El Valencia FC se encuentra en una situación crítica con la afición dividida y el entrenador Corberán enfrentado a los fanáticos. La falta de fichajes, la renovación del técnico y la percepción de un club que se ha alejado de su gente han generado un ambiente tenso.

El 1-2 contra Newcastle en el Trofeo Naranja no fue más que una muestra de lo que está pasando dentro del vestuario. La frase de Diakhaby, uno de los capitanes del Valencia, tras la derrota dice mucho sobre la situación actual: 'Necesitamos que la afición esté más unida con nosotros y con el club'.

El club 'fracturado' en agosto

El Valencia aún no ha empezado la temporada y ya está fracturado, en pleno mes de agosto. La bronca interminable sigue en marcha y no tiene pinta de tener fácil arreglo. No ha habido borrón y cuenta nueva y pese a los intentos del club, la afición sigue de uñas con el equipo y sobre todo con su entrenador.

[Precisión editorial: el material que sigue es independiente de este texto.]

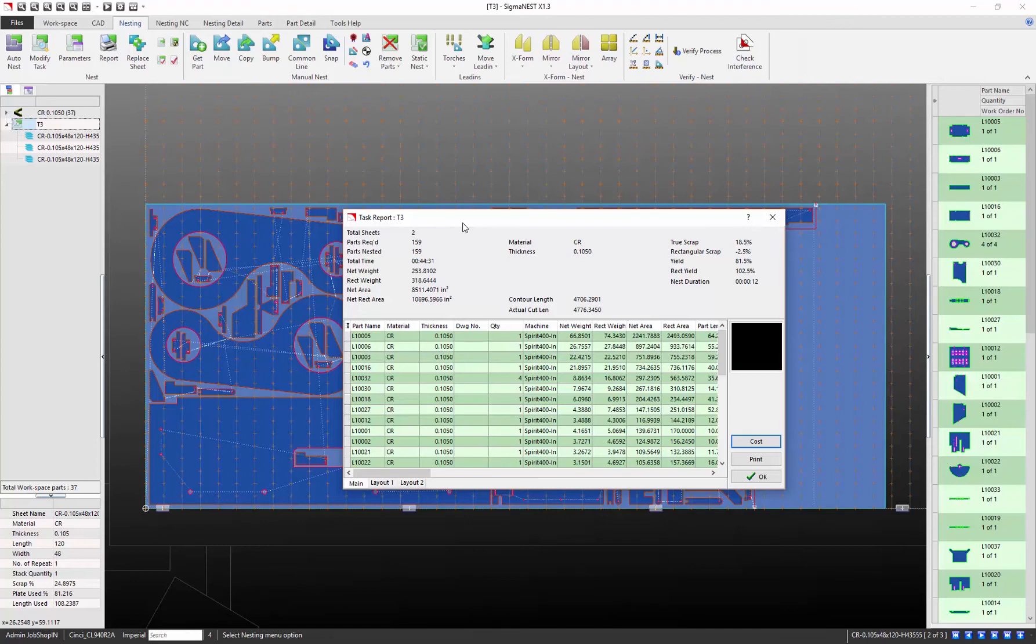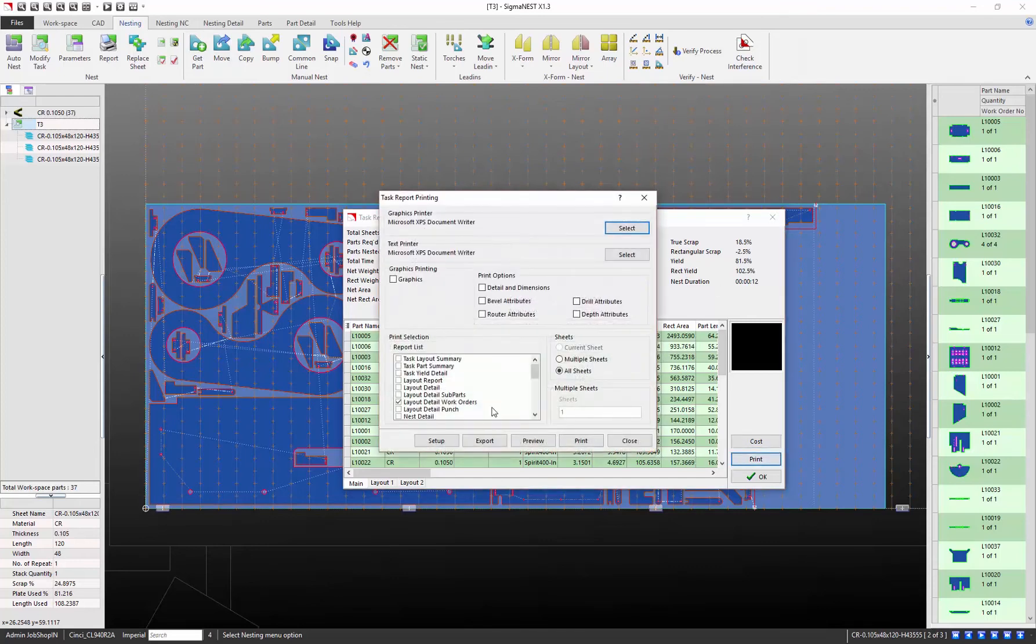You can see that we have our total sheets, our part information and cutting times, and scrap percentage all in this report. If you wanted a more detailed report, feel free to customize our many reports that come pre-installed with SigmaNest.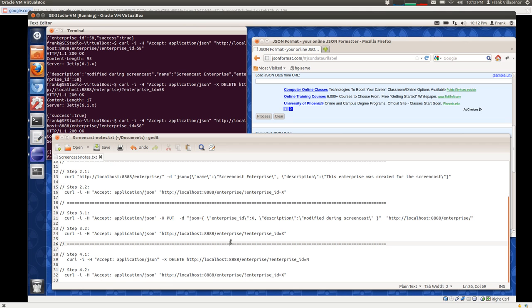That is the extent of this screencast. I hope you found this helpful as an introduction to curl and maybe even RESTful web services. Thank you very much.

Nadie ha olvidado lo de la pasada campaña y en la presentación volvieron los gritos de 'Corberán dimisión' que acompañaron al técnico gran parte de la pasada campaña cuando el Valencia tocó fondo. El ambiente está tenso y al equipo le faltan dos semanas para empezar a competir.

Factores que han generado la crisis

Muchos son los factores que han provocado esta situación, pero el más repetido es que el club se ha alejado tanto de su gente que ahora mismo van en barcos diferentes. El mantra repetido mil veces que hacer un gran equipo para despedirse de Mestalla ha sido otro engaño de Peter Lim y sobre el campo la plantilla es cada vez más floja y los refuerzos reales no han llegado.

Corberán sigue teniendo Mestalla en contra y el ambiente se puede volver irrespirable como en muchos partidos de la pasada campaña. Sin fichajes y sin objetivos reales, la afición respondió abonando el campo casi en su totalidad, pero la ilusión con el equipo es nula.

El club va de improvisación en improvisación (el espectáculo del lateral derecho ha hecho daño dentro y fuera de la entidad) pero además el equipo sigue sin jugar a nada tras temporada y media con Corberán en el banquillo. Su renovación ha generado un efecto rebote en la grada.

Mensaje público al exterior

Con todo, el ocho de agosto el mensaje público que sale del vestuario es pedir ayuda a la hinchada porque este año es la despedida de Mestalla. Las palabras de Diakhaby de cara al exterior muestran lo que está pasando de puertas para dentro y hay que recordar que la Liga aún no ha arrancado.